Tuesday, December 13, 2011

learning to "borrow" examples for object detection. Lim et al, NIPS 2011

Let's say you want to train a cat detector...  If you're anything like me, then you probably have a few labeled cats (~100), as well as a source of non-cat images (~1000).  So what do you do when you can't get any more labeled cats?  (Maybe Amazon's Mechanical Turk service was shut down by the feds, you've got a paper deadline in 48 hours, and money can't get you out of this dilemma.)

Answer: 
1) Realize that there are some labeled dogs/cows/sheep in your dataset!
2) Transform some of the dogs/cows/sheep in your dataset to make them look more like cats.
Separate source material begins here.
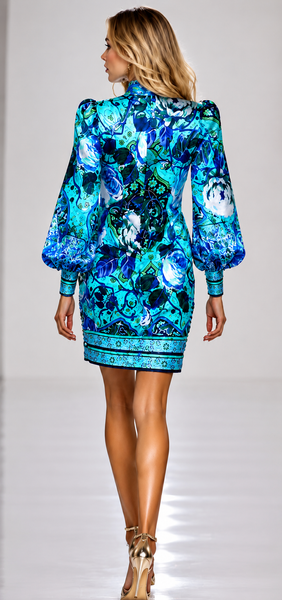 Whimsy Blue Rose Dress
Maybe some dogs are already sufficiently similar to cats! (see cheezburger.com image below)
3) Use a subset of those transformed dogs/cows/sheep examples as additional positives in your cat detector!

Some dogs just look like cats! (and vice-versa)


Using my own internal language, I view this phenomenon as "exemplar theft."  But not the kind of theft which sends you to prison, 'tis the kind of theft which gives you best-paper prizes at your local conference.

Note that this was the answer provided by the vision hackers at MIT in their most recent paper, "Transfer Learning by Borrowing Examples for Multiclass Object Detection," which was just presented at this year's big machine learning-oriented NIPS conference, NIPS 2011. See the illustration from the paper below, which depicts this type of "example borrowing"-sharing for some objects in the SUN09 dataset.


The paper empirically demonstrates that instead of doing transfer learning (also known as multi-task learning) the typical way (regularizing weight vectors towards each other), it is beneficial to simply borrow a subset of (transformed) examples from a related class.  Of course the problem is that we do not know apriori which categories to borrow from, nor which instances from those categories will give us a gain in object detection performance.  The goal of the algorithm is to learn which categories to borrow from, and which examples to borrow.  Not all dogs will help the cat detector.

Here are some examples of popular object categories, the categories from which examples are borrowed, and the categories from which examples are shared once we allow transformations to happen.  Notice the improvement in AP (the higher the average precision the better) when you allow sharing.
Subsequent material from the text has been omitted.